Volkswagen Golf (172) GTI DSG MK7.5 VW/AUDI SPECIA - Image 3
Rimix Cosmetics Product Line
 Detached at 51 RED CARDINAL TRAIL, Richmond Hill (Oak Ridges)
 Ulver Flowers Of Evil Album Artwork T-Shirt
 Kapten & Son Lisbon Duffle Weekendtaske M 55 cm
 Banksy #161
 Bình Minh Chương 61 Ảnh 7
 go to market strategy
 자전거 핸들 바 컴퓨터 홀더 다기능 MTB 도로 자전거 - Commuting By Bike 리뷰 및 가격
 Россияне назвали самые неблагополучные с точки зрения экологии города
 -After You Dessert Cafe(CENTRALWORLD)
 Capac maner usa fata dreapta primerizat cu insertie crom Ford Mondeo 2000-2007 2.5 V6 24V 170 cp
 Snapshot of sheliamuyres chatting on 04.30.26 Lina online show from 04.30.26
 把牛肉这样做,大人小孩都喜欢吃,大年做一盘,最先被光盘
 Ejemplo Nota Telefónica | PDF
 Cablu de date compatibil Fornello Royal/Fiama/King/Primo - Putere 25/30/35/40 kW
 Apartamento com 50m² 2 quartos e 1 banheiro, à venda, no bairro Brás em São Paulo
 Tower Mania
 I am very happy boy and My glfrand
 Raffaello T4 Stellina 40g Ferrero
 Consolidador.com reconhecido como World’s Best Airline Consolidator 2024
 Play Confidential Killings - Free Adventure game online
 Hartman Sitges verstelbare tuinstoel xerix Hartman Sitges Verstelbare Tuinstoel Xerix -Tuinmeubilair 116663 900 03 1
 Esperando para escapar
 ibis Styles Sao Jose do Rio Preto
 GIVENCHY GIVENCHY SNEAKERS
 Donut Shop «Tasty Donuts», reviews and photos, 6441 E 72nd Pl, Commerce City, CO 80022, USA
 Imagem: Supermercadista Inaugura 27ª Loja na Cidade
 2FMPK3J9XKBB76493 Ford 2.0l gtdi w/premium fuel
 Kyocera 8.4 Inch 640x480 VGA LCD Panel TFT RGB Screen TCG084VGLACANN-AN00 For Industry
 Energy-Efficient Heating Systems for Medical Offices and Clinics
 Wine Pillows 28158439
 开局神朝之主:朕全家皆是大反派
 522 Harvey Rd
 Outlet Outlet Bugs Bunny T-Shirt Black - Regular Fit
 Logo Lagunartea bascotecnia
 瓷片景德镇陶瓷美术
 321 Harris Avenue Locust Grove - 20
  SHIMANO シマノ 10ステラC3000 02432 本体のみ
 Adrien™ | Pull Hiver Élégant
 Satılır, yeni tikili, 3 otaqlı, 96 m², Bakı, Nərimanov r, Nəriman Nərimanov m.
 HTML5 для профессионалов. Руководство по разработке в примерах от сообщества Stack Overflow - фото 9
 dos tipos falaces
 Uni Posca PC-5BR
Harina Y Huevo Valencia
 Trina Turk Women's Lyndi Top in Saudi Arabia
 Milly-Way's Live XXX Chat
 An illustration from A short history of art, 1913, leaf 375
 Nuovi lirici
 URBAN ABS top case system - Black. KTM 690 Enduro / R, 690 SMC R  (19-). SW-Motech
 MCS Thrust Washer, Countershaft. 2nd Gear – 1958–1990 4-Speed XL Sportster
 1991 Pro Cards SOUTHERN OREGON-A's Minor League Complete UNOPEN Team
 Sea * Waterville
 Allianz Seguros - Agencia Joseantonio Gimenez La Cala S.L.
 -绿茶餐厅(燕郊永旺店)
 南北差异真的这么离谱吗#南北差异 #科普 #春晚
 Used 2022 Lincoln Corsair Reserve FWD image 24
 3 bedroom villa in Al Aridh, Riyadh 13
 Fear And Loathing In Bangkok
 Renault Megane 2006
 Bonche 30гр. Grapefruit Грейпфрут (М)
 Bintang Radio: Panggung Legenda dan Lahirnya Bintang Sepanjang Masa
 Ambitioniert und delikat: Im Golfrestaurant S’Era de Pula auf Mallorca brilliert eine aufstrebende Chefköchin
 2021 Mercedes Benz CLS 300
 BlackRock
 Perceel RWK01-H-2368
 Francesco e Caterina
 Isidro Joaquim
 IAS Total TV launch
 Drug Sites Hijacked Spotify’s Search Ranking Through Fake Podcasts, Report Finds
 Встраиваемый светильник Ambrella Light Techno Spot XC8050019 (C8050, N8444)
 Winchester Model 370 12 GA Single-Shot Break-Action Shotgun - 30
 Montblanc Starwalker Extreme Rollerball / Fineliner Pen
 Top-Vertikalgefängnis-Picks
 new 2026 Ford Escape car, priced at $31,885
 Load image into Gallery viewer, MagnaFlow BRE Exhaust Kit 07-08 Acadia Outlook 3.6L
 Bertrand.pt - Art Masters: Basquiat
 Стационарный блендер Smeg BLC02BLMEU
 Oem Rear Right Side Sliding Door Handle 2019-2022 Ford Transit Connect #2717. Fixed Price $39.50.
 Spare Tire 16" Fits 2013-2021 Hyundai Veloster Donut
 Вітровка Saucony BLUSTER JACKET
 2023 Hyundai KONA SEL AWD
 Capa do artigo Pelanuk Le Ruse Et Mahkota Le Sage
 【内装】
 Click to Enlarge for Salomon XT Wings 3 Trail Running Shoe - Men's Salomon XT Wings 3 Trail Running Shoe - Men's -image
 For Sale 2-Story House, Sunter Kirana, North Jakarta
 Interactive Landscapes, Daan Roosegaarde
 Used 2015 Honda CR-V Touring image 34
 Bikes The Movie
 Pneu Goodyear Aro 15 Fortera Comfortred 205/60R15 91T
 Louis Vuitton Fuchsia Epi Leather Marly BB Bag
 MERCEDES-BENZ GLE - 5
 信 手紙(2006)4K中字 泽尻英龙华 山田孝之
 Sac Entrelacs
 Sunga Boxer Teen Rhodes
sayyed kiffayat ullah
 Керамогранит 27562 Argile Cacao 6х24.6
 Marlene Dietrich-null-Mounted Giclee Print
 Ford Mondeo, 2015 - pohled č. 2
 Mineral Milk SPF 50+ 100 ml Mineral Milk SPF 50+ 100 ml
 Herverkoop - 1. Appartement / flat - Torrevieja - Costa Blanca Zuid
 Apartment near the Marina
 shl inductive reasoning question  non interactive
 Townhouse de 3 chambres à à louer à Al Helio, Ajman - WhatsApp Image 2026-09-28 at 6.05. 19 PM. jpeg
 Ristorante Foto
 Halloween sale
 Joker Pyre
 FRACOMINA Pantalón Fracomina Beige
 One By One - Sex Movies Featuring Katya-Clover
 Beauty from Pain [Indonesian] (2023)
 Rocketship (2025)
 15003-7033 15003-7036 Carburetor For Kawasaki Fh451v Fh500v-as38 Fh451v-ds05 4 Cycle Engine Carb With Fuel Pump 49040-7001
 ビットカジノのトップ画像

+ + +

◆ What is expected ◆
The answer must be a verbatim transcription of all the entries.

◆ Exercise answer ◆
Volkswagen Golf (172) GTI DSG MK7.5 VW/AUDI SPECIA - Image 3
Rimix Cosmetics Product Line
 Detached at 51 RED CARDINAL TRAIL, Richmond Hill (Oak Ridges)
 Ulver Flowers Of Evil Album Artwork T-Shirt
 Kapten & Son Lisbon Duffle Weekendtaske M 55 cm
 Banksy #161
 Bình Minh Chương 61 Ảnh 7
 go to market strategy
 자전거 핸들 바 컴퓨터 홀더 다기능 MTB 도로 자전거 - Commuting By Bike 리뷰 및 가격
 Россияне назвали самые неблагополучные с точки зрения экологии города
 -After You Dessert Cafe(CENTRALWORLD)
 Capac maner usa fata dreapta primerizat cu insertie crom Ford Mondeo 2000-2007 2.5 V6 24V 170 cp
 Snapshot of sheliamuyres chatting on 04.30.26 Lina online show from 04.30.26
 把牛肉这样做,大人小孩都喜欢吃,大年做一盘,最先被光盘
 Ejemplo Nota Telefónica | PDF
 Cablu de date compatibil Fornello Royal/Fiama/King/Primo - Putere 25/30/35/40 kW
 Apartamento com 50m² 2 quartos e 1 banheiro, à venda, no bairro Brás em São Paulo
 Tower Mania
 I am very happy boy and My glfrand
 Raffaello T4 Stellina 40g Ferrero
 Consolidador.com reconhecido como World’s Best Airline Consolidator 2024
 Play Confidential Killings - Free Adventure game online
 Hartman Sitges verstelbare tuinstoel xerix Hartman Sitges Verstelbare Tuinstoel Xerix -Tuinmeubilair 116663 900 03 1
 Esperando para escapar
 ibis Styles Sao Jose do Rio Preto
 GIVENCHY GIVENCHY SNEAKERS
 Donut Shop «Tasty Donuts», reviews and photos, 6441 E 72nd Pl, Commerce City, CO 80022, USA
 Imagem: Supermercadista Inaugura 27ª Loja na Cidade
 2FMPK3J9XKBB76493 Ford 2.0l gtdi w/premium fuel
 Kyocera 8.4 Inch 640x480 VGA LCD Panel TFT RGB Screen TCG084VGLACANN-AN00 For Industry
 Energy-Efficient Heating Systems for Medical Offices and Clinics
 Wine Pillows 28158439
 开局神朝之主:朕全家皆是大反派
 522 Harvey Rd
 Outlet Outlet Bugs Bunny T-Shirt Black - Regular Fit
 Logo Lagunartea bascotecnia
 瓷片景德镇陶瓷美术
 321 Harris Avenue Locust Grove - 20
  SHIMANO シマノ 10ステラC3000 02432 本体のみ
 Adrien™ | Pull Hiver Élégant
 Satılır, yeni tikili, 3 otaqlı, 96 m², Bakı, Nərimanov r, Nəriman Nərimanov m.
 HTML5 для профессионалов. Руководство по разработке в примерах от сообщества Stack Overflow - фото 9
 dos tipos falaces
 Uni Posca PC-5BR
Harina Y Huevo Valencia
 Trina Turk Women's Lyndi Top in Saudi Arabia
 Milly-Way's Live XXX Chat
 An illustration from A short history of art, 1913, leaf 375
 Nuovi lirici
 URBAN ABS top case system - Black. KTM 690 Enduro / R, 690 SMC R  (19-). SW-Motech
 MCS Thrust Washer, Countershaft. 2nd Gear – 1958–1990 4-Speed XL Sportster
 1991 Pro Cards SOUTHERN OREGON-A's Minor League Complete UNOPEN Team
 Sea * Waterville
 Allianz Seguros - Agencia Joseantonio Gimenez La Cala S.L.
 -绿茶餐厅(燕郊永旺店)
 南北差异真的这么离谱吗#南北差异 #科普 #春晚
 Used 2022 Lincoln Corsair Reserve FWD image 24
 3 bedroom villa in Al Aridh, Riyadh 13
 Fear And Loathing In Bangkok
 Renault Megane 2006
 Bonche 30гр. Grapefruit Грейпфрут (М)
 Bintang Radio: Panggung Legenda dan Lahirnya Bintang Sepanjang Masa
 Ambitioniert und delikat: Im Golfrestaurant S’Era de Pula auf Mallorca brilliert eine aufstrebende Chefköchin
 2021 Mercedes Benz CLS 300
 BlackRock
 Perceel RWK01-H-2368
 Francesco e Caterina
 Isidro Joaquim
 IAS Total TV launch
 Drug Sites Hijacked Spotify’s Search Ranking Through Fake Podcasts, Report Finds
 Встраиваемый светильник Ambrella Light Techno Spot XC8050019 (C8050, N8444)
 Winchester Model 370 12 GA Single-Shot Break-Action Shotgun - 30
 Montblanc Starwalker Extreme Rollerball / Fineliner Pen
 Top-Vertikalgefängnis-Picks
 new 2026 Ford Escape car, priced at $31,885
 Load image into Gallery viewer, MagnaFlow BRE Exhaust Kit 07-08 Acadia Outlook 3.6L
 Bertrand.pt - Art Masters: Basquiat
 Стационарный блендер Smeg BLC02BLMEU
 Oem Rear Right Side Sliding Door Handle 2019-2022 Ford Transit Connect #2717. Fixed Price $39.50.
 Spare Tire 16" Fits 2013-2021 Hyundai Veloster Donut
 Вітровка Saucony BLUSTER JACKET
 2023 Hyundai KONA SEL AWD
 Capa do artigo Pelanuk Le Ruse Et Mahkota Le Sage
 【内装】
 Click to Enlarge for Salomon XT Wings 3 Trail Running Shoe - Men's Salomon XT Wings 3 Trail Running Shoe - Men's -image
 For Sale 2-Story House, Sunter Kirana, North Jakarta
 Interactive Landscapes, Daan Roosegaarde
 Used 2015 Honda CR-V Touring image 34
 Bikes The Movie
 Pneu Goodyear Aro 15 Fortera Comfortred 205/60R15 91T
 Louis Vuitton Fuchsia Epi Leather Marly BB Bag
 MERCEDES-BENZ GLE - 5
 信 手紙(2006)4K中字 泽尻英龙华 山田孝之
 Sac Entrelacs
 Sunga Boxer Teen Rhodes
sayyed kiffayat ullah
 Керамогранит 27562 Argile Cacao 6х24.6
 Marlene Dietrich-null-Mounted Giclee Print
 Ford Mondeo, 2015 - pohled č. 2
 Mineral Milk SPF 50+ 100 ml Mineral Milk SPF 50+ 100 ml
 Herverkoop - 1. Appartement / flat - Torrevieja - Costa Blanca Zuid
 Apartment near the Marina
 shl inductive reasoning question  non interactive
 Townhouse de 3 chambres à à louer à Al Helio, Ajman - WhatsApp Image 2026-09-28 at 6.05. 19 PM. jpeg
 Ristorante Foto
 Halloween sale
 Joker Pyre
 FRACOMINA Pantalón Fracomina Beige
 One By One - Sex Movies Featuring Katya-Clover
 Beauty from Pain [Indonesian] (2023)
 Rocketship (2025)
 15003-7033 15003-7036 Carburetor For Kawasaki Fh451v Fh500v-as38 Fh451v-ds05 4 Cycle Engine Carb With Fuel Pump 49040-7001
 ビットカジノのトップ画像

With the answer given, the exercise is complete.